Quote from: LarryC on June 19, 2010, 07:16:27 PM
So you decided to use a lame attempt at misdirection and not show the text proof. Please enlighten us with your explaination. If I don't understand I'm sure someone else here will.

And don't try to use where they stated Ptrue = I^2R, where R = Z cos angle. Your R is incorrectly the coil resistance.

Regards, Larry

Power is voltage times current. The load is irrelevant now. Those two quantities however give you an indication of what the load is like. If the wave is mostly above the zero line it's resistive, if it's centered on the zero line it's pure inductive...however if it's mostly below it, it's acting as a source thus pumping more energy back. By mostly I mean literally taking the average by using the raw data from the scope and not some fantasy of ideal sine waves. By using the raw current and voltage data the shape of the wave becomes IRRELEVANT. Omnibus got this probe for doing just that. Eliminating information of the load, which might be some crazy beast due to all the parasitic and ohmic crap. With the current probe you don't need to know anything about the load before hand. You just measure voltage from source and current from source. Take the raw data and integrate it which will give you a REAL average. If this average is positive, nothing special. If it's 0, means no losses. If it's negative means energy is pumped back.

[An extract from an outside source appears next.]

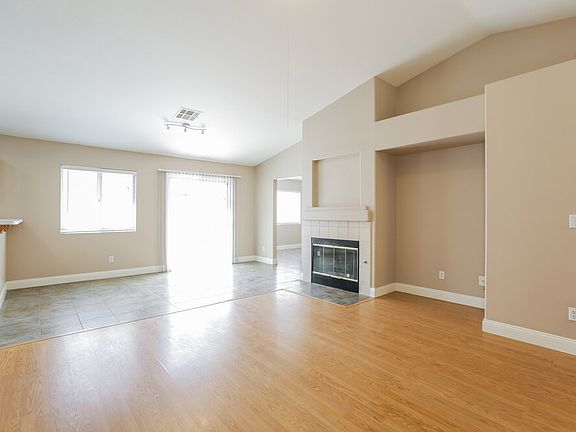 4th image of 9099 Lava Bluff Ct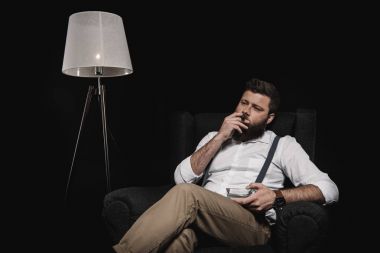 sakallı adam sigara puro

You can choose to deny this if your ego is at stake. But it won't change the truth.

Omnibus

Quote from: LarryC on June 19, 2010, 07:16:27 PM
So you decided to use a lame attempt at misdirection and not show the text proof. Please enlighten us with your explaination. If I don't understand I'm sure someone else here will.

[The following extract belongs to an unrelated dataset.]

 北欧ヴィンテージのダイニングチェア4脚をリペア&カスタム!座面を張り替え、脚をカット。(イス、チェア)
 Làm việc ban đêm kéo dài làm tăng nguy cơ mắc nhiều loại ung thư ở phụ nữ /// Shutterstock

And don't try to use where they stated Ptrue = I^2R, where R = Z cos angle. Your R is incorrectly using the  resistance.

Regards, Larry

No, I, of course, won't use "Ptrue = I^2R, where R = Z cos angle". Instead, I will use this and please read it carefully and try to understand it:

QuoteIn resistive circuits all of the power is dissipated by the load but if you recall what you learned from Volume 3 in an RL circuit only a portion of the input power is dissipated. The part delivered to the inductance is returned to the source each time each time the magnetic field around the inductance collapsews

Did you read that carefully, Larry? I guess not. So, I'll repeat it: in an RL circuit the power which is dissipated is only that due to the dissipative (Ohmic, active) resistance. that is, I^2R where R is the dissipative (Ohmic, active) resistance having nothing to do with inductance L. The part of the power delivered to the inductnce is not dissipated. Again -- the part of the power delivered to the inductance is not dissipated when integrating over a full cycle. Can this come across to you or you need more explanation? Here in the discussion at hand we are only concerned with the dissipated power. Only the power dissipated is the ouput power (the power delivered to the inductance is not dissipated and therefore is not of interest to us in this discussion). Therefore, because the only dissipated power is I^2R where R is the dissipative (Ohmic, active) resistance having nothing to do with inductance or L, that's what we calculate as output power in our case. Get it?